Our second car presumption has always been that if I'm the one driving the car, hauling around three kids, the car should be very reliable and (probably) new. But why would I spend $30,000 on a design that I can't really get behind? I'd hate to do that. I'd hate to mis-use my buying power. And that's how I see $30,000. Buying Power. And a Stamp of Aesthetic Approval.

But I don't approve.

3
One of Fritz's students finished his PhD and headed home to Germany. He was trying to get rid of his 12 year old, 2 door car. It was so inexpensive. The taxes and insurance on it are so low. We bought it for Fritz. That means we've joined the ranks of the two car family after 8 years of sharing one car - and Fritz gets the new addition. I think we're paying less than $400 additional a year in taxes AND insurance. Part of me thinks that it's wrong: here we are producing more carbon dioxide with an old, second car. We're driving more miles than we used to. The real costs in terms of greenhouse gases and less exercise are high. But the out-of-pocket expense? Shamefully low. In the end, maybe you could accuse me of short term, near-sighted action: even if the old car only lasts a year, I felt that, at least financially, we'd come out ahead. Additional benefit: with a 12 year-old car, it's allowed to be an ugly car. The Stamp of Approval is faded and less significant. So, it's done. It's over. We are officially a two car family. But no minivan.

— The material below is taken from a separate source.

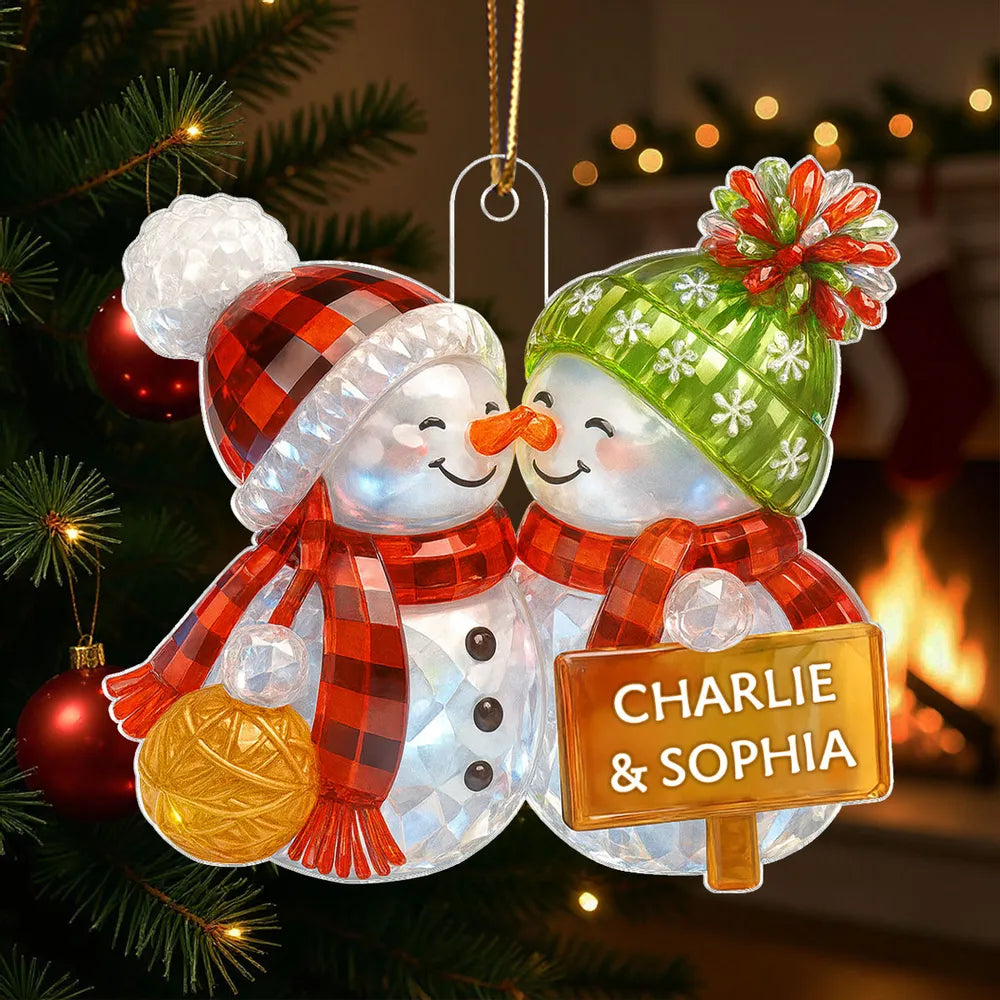 Acrylic Ornament Snowman Couple with Cozy Holiday Charm, Heartwarming Design, Perfect Gift for Couples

Even though we haven't improved the copilot situation, it feels like we've entered some new world of luxury to have TWO cars. I worry about 95% less knowing that Fritz is driving home, as opposed to biking home, in the dark. (Yes, he does have a very good, strong bike lamp. STILL.) Fritz laughs when I tell him this, because he's been biking home in the dark for years. But it worried me. Maybe I just didn't know how much.

I'll remember this feeling of luxury when I'm cramming all three kids and carseats into the tiny backseat.

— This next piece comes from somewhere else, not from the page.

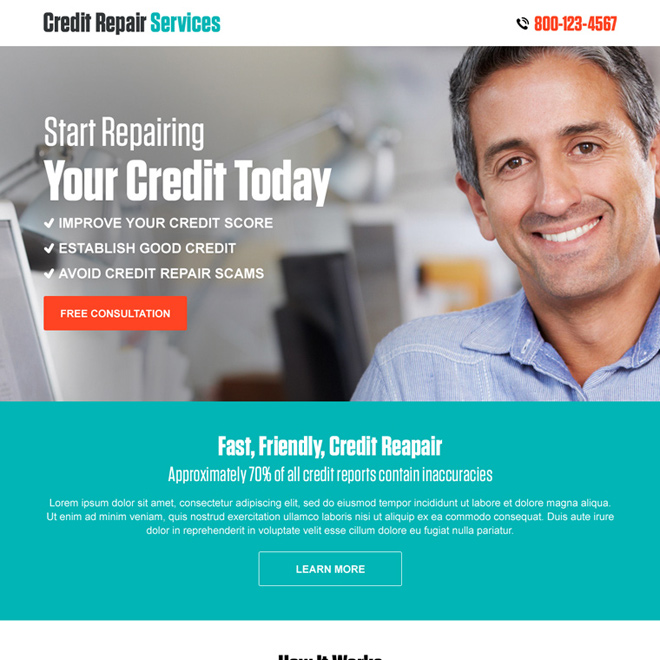 responsive credit repair free consultation landing page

Also, baby steps: don't want life to become too luxurious too quickly. Next task? Purchasing the seats to actually fit in the back of the car.

Part 1 here.
Part 2 is what you are reading.
Part 3 here.

3 comments:

Pregnantly Plump said...

Congrats on the new car! And good luck on finding 3 seats that fit. We put all of ours in a row, and the biggest issue is buckling Little Elvis in. It's not too bad.

Anonymous said...

If you ever stop at burger king or such place again, this is what I do: I ask for empty cups in which I then distribute the french fries - easier to handle. no ketchup in the car, period. and I have refillable water bottles (Sigg, if you know that brand) which I then also fill up with fresh water at restrooms. Oh, and for car sickness: sandbucket with trashbag inside - trashbag can easily be shut and taken out at the next stop...

Anonymous said...

We just survived a seven hour car trip to France. Each kid got a mp3 player for Christmas and we loaded different CDs for them, according to age level and interest. It was the easiest trip so far, even though we also had a major throw-up accident at some point. I have to admit that the youngest (five years) was only interested in listening for a little while, but for the older ones it was a big hit (Harry Potter's first book comes on nine CDs - imagine how long they can listen).